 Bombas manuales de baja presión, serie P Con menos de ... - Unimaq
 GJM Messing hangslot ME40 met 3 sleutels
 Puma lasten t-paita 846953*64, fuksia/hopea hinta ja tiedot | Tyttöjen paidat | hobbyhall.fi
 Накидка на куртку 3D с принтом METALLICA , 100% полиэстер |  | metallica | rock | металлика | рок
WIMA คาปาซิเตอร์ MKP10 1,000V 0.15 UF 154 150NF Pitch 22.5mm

• • •

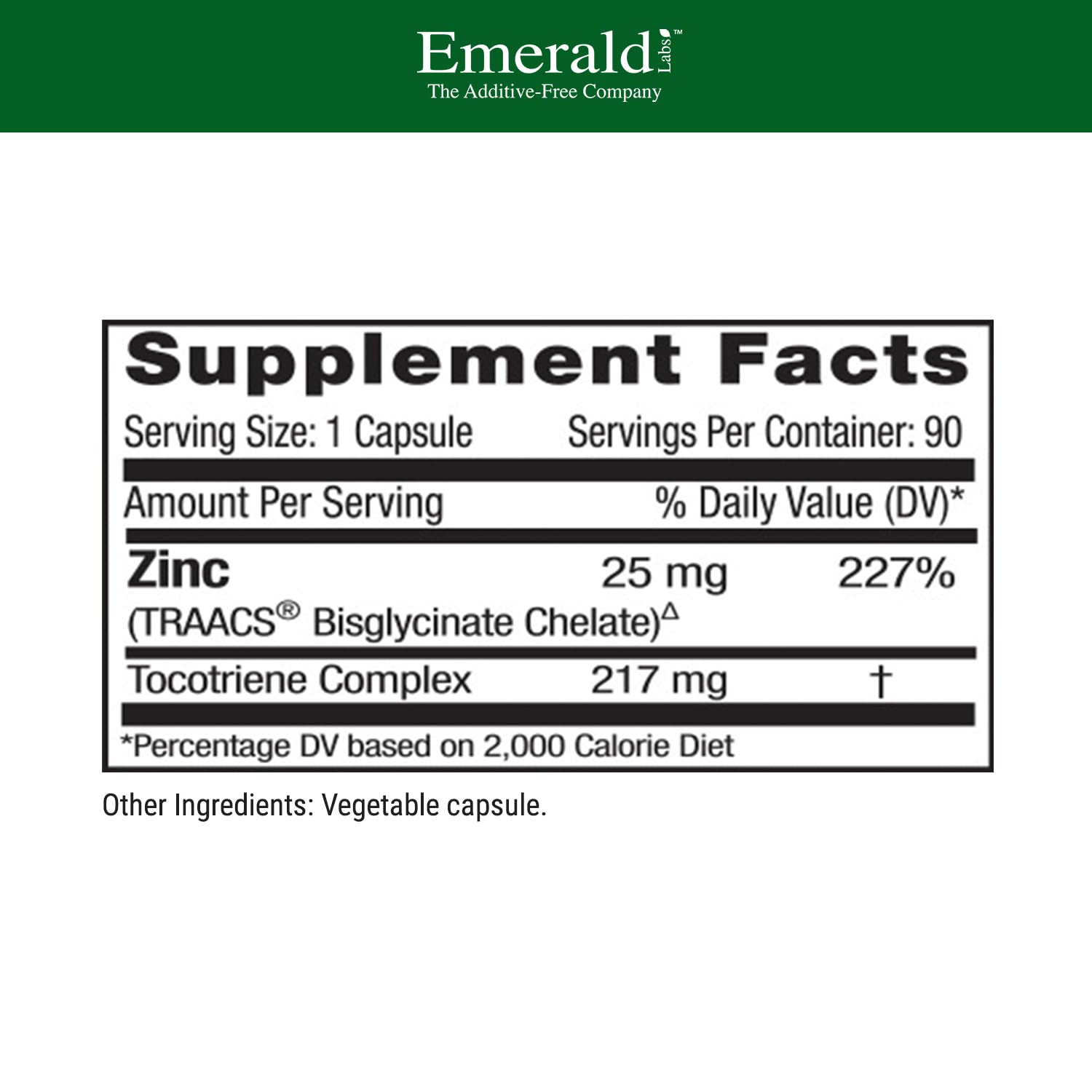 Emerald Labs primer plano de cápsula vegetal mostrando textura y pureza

• • •

● **Prompt**
In the records above, the line with "Bombas manuales de" marks the start and the line with "WIMA คาปาซิเตอร์ MKP10" marks the end; copy that stretch exactly, both lines included, and nothing else.

● **The answer**
 Bombas manuales de baja presión, serie P Con menos de ... - Unimaq
 GJM Messing hangslot ME40 met 3 sleutels
 Puma lasten t-paita 846953*64, fuksia/hopea hinta ja tiedot | Tyttöjen paidat | hobbyhall.fi
 Накидка на куртку 3D с принтом METALLICA , 100% полиэстер |  | metallica | rock | металлика | рок
WIMA คาปาซิเตอร์ MKP10 1,000V 0.15 UF 154 150NF Pitch 22.5mm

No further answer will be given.